*** Material for this task ***

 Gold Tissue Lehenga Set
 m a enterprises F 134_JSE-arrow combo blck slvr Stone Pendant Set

*** End of Material for this task ***
*** Material for this task ***

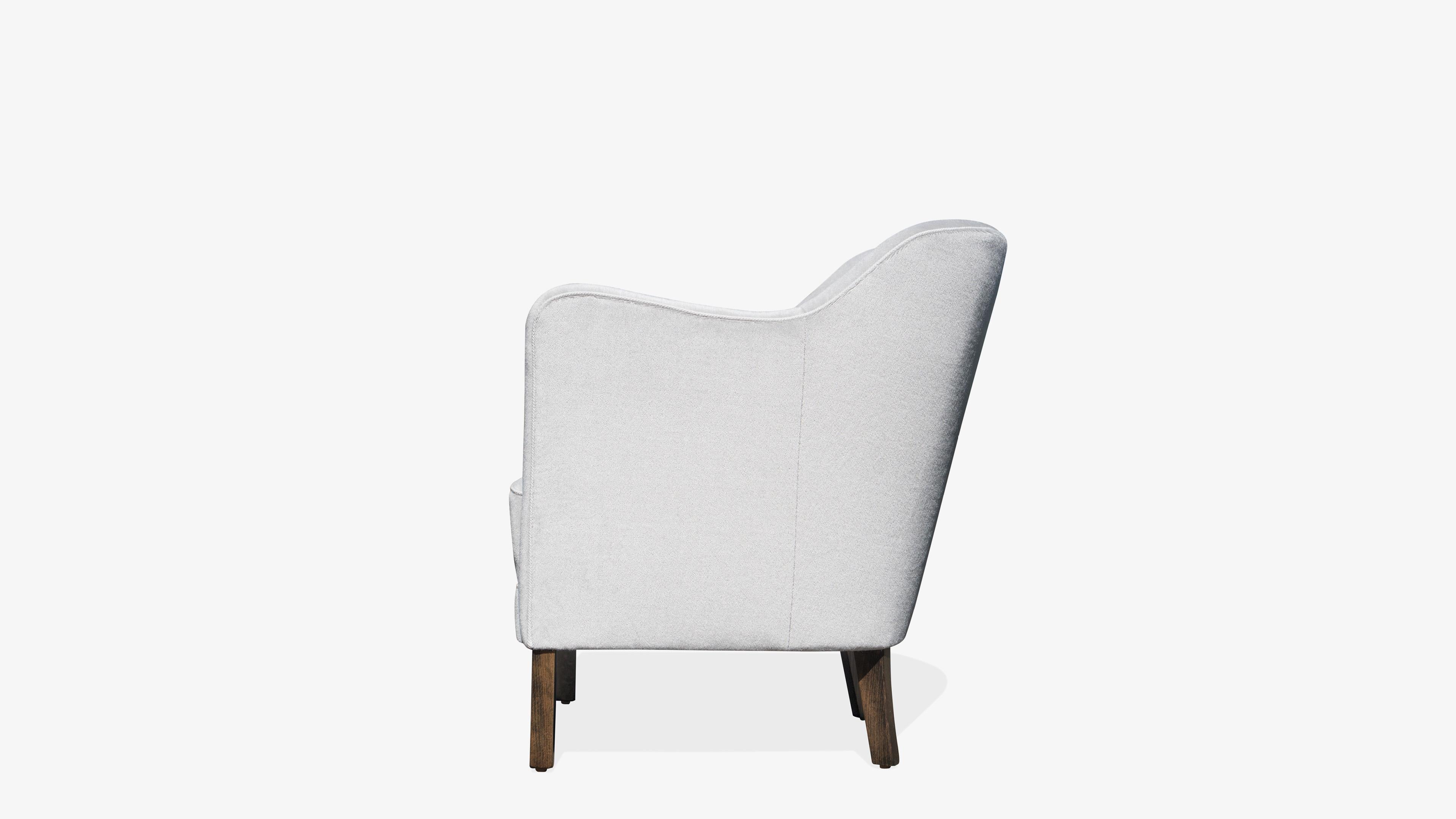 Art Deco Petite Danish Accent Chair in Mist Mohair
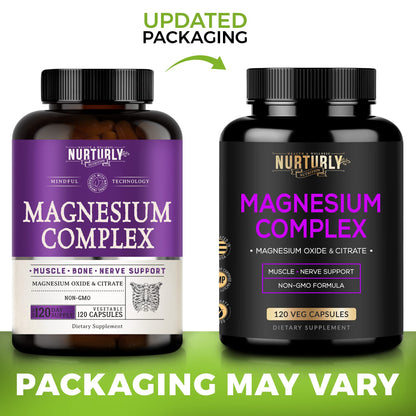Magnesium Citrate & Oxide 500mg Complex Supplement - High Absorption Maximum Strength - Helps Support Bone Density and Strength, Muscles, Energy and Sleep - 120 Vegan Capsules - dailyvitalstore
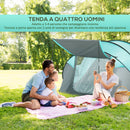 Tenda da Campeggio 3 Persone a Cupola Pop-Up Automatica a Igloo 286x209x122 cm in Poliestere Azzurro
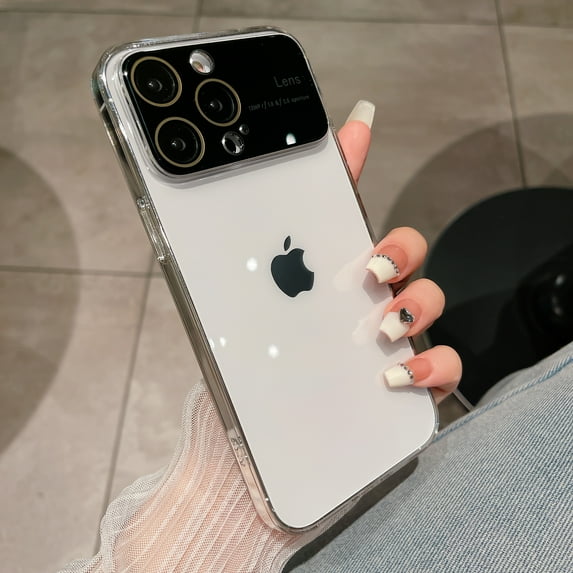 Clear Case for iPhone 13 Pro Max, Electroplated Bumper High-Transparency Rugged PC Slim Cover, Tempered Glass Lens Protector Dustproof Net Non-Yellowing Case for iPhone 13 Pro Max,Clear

*** End of Material for this task ***

— Assignment —
When you reach the line that has "Magnesium Citrate &" in the data above, start repeating lines exactly, and stop after the line that has "Clear Case for"; pictures stay out.

— Written solution —
Magnesium Citrate & Oxide 500mg Complex Supplement - High Absorption Maximum Strength - Helps Support Bone Density and Strength, Muscles, Energy and Sleep - 120 Vegan Capsules - dailyvitalstore
 Tenda da Campeggio 3 Persone a Cupola Pop-Up Automatica a Igloo 286x209x122 cm in Poliestere Azzurro
 Clear Case for iPhone 13 Pro Max, Electroplated Bumper High-Transparency Rugged PC Slim Cover, Tempered Glass Lens Protector Dustproof Net Non-Yellowing Case for iPhone 13 Pro Max,Clear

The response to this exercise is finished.